A Pro Bowl running back. A mobile quarterback. An above average offensive line. And truth be told, with speedy Darnay Scott healthy, weren't the Bengals' receivers more dangerous?

But beyond personnel, there are other qualities the Bengals like about the Titans. Even the players themselves talk about Tennessee's simplicity, resiliency and solidity.

"You watch them and you always know what you're going to see," said right tackle Willie Anderson. "Nothing fancy. It's not always pretty They don't do a lot of things, but they do them well. And they're always in games. They always seem to have a chance at the end. They're a team we should look to."

Floyd Reese, the Titans general manger, agrees on the style points.

"Pretty simple, isn't it?" Reese asked. "In this league, you lose more games than you win."

If there is one Bengal who knows all of this and wants to transfer it to his new locker room, it's fullback Lorenzo Neal. With Neal clearing the way for running back Eddie George and helping make sure there were no killing gaffes on special teams, the Titans went 26-6 and to a Super Bowl the past two seasons.

And with the Titans reeling from an Opening Night loss and the Bengals coming off an Opening Day win that nearly slipped away in the fourth quarter, Neal has a warning.

"We're going to see a different team than the one we saw Sunday night," Neal said. "They're going to be better and we're going to have to be better than we were Sunday. I'm disappointed how we played as an offense in the last four minutes. We let the (the Patriots) back on the field twice. We can't do that. We have to get that four-minute drill down."

In Neal's two seasons in Tennessee, the Titans made sure they put games away in the fourth quarter. In games decided by eight points or less, the Titans were 13-4.

"They're a proven team and we're a team on the rise, so I think we're different," said Neal, but he does see

similarities when it comes to Bengals head coach Dick LeBeau and Titans head coach Jeff Fisher.

"Coach LeBeau and Coach Fisher talk about the same things," Neal said. "Staying together, staying disciplined, and how those are the teams that usually win in the league. The fourth quarter is when they expect to win because they're in shape and they impose their will."

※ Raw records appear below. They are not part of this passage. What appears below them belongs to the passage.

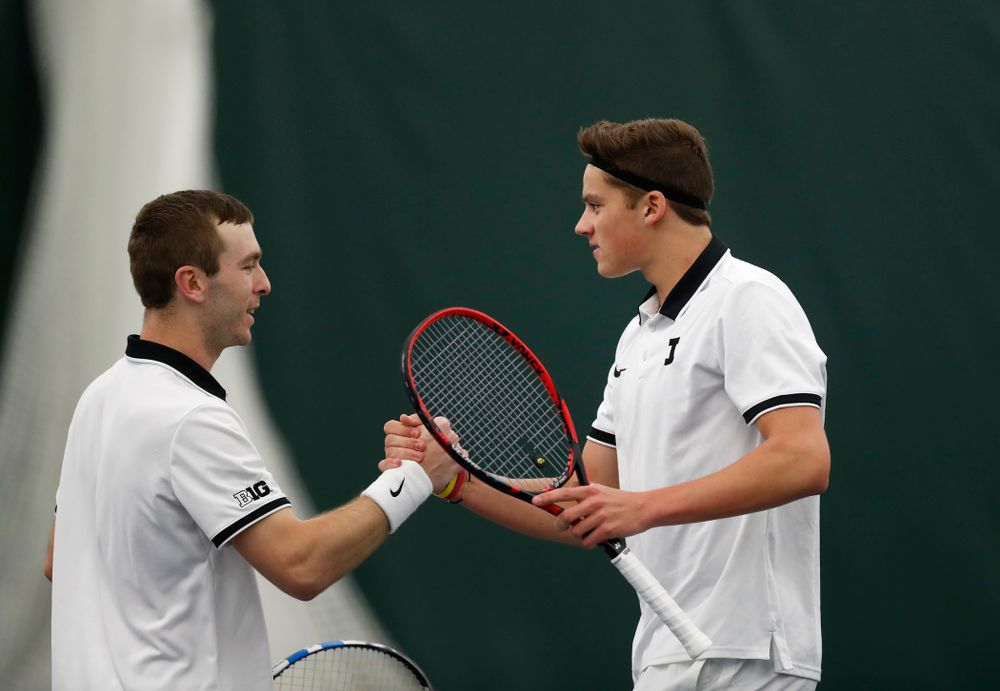 Jake Jacoby and Joe Tyler play a doubles match against Purdue Sunday, April 15, 2018 at the Hawkeye Tennis and Recreation Center. (Brian Ray/hawkeyesports.com)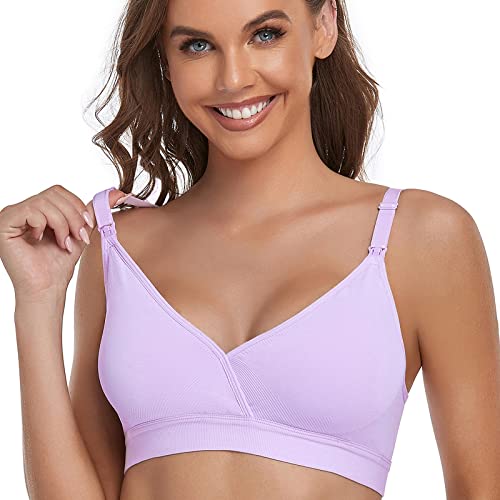 Gailife 5Pack V Neck Nursing Bras Seamless Maternity Bras With Extra Bra Extenders For Sleep Breastfeeding - M,Black/Nude/Gray/Pink/Purple #TOP3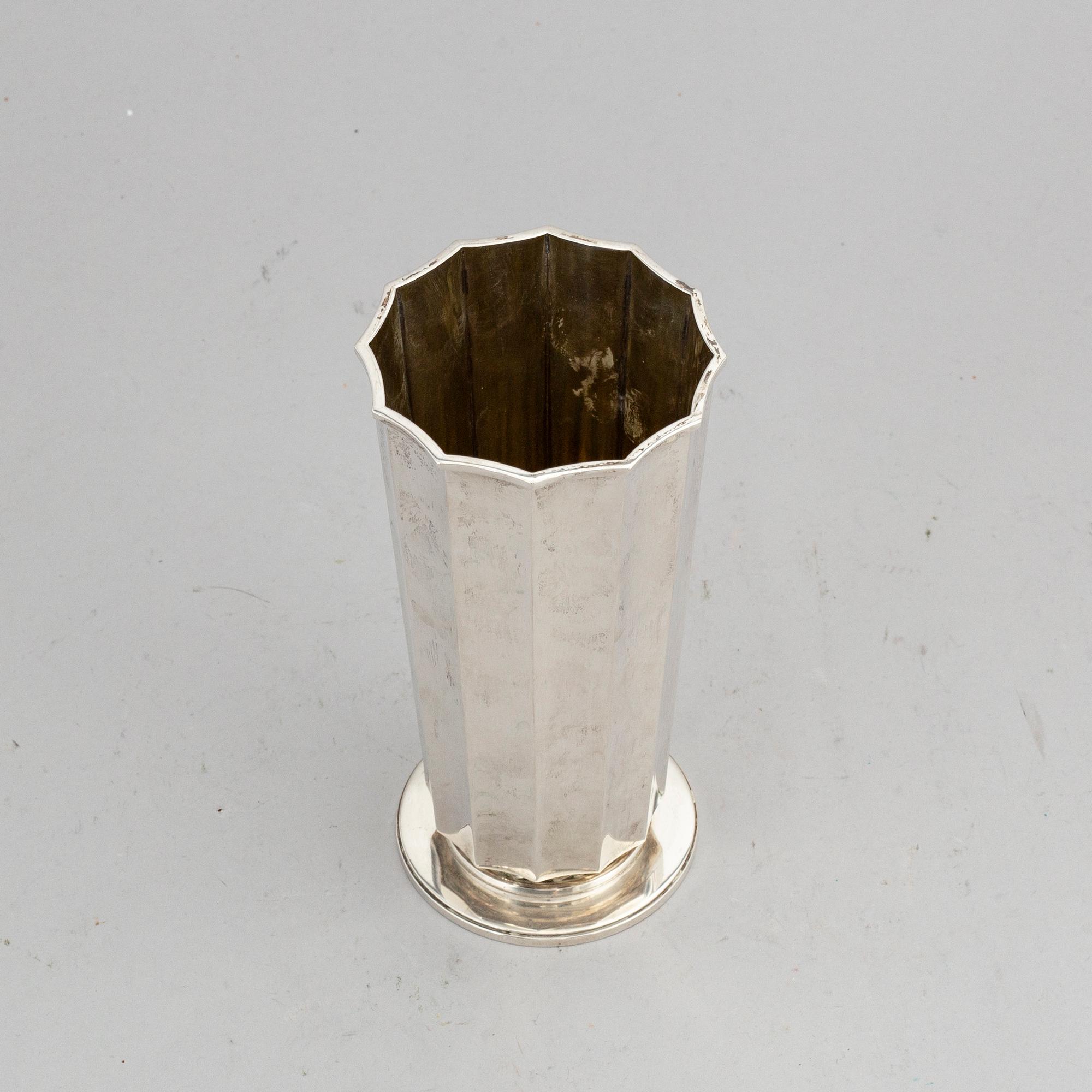 A silver Borgila vase.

In NFL terms, it's been a generation since the Bengals beat the Titans. In the six games since Cincinnati rolled Tennessee behind Corey Dillon's then rookie-record 246 yards, the Bengals haven't beaten the Titans.

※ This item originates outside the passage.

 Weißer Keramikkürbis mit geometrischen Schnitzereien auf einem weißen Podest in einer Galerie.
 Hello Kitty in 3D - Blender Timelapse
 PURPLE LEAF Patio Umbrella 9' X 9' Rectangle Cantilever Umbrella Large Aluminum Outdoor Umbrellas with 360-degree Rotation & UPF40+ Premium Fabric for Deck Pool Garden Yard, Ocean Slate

Indeed, since that Dec. 4, 1997 game, the Titans are 35-16 and the Bengals are 14-37.

Yes, the Titans have built their emergence primarily on defense. A top five defense. A defense that just got better with Reese's trade for Pro Bowl end Kevin Carter. That's why the Titans can be so conservative on offense. But then again, the offense is good enough to keep the defense off the field.

Last season, the Titans had the ball more than their foes in 12 of 16 games. In half their games, they had it more than 34 minutes.

Reese, a linebackers coach for Bud Grant in Minnesota back in the day, finds it no coincidence that he and Fisher have defensive backgrounds.

"That has something to do with it," Reese said. "Being in this league, you develop your own ideas and understanding of winning and losing.

"The belief is to be sound," Reese said. "Sound in special teams, sound defense, don't turn the ball over, and you have to be able to run the ball. And don't throw the ball when you have to, but when you want to. If you look at our playbook and count the number of plays, we probably don't have nearly the number of plays as somebody like San Francisco."

Reese sees LeBeau, another defensive guy in the AFC Central, and sees the trend.

"There's three things most of the division seems to have in common," Reese said. "The big running back and great running games, mobile quarterbacks, and aggressive defenses."

Neal thinks the Bengals have "enough special things going on," to turn the corner. He knows Sunday will be a big measuring stick.

"We're going to get their best," Neal said. "And we'll have to play our best and we'll find out. It's going to be hostile and they won't lay down. Especially when they're 0-1."

The last time the Bengals were 1-0?

1997.

The last time the Bengals beat Tennessee.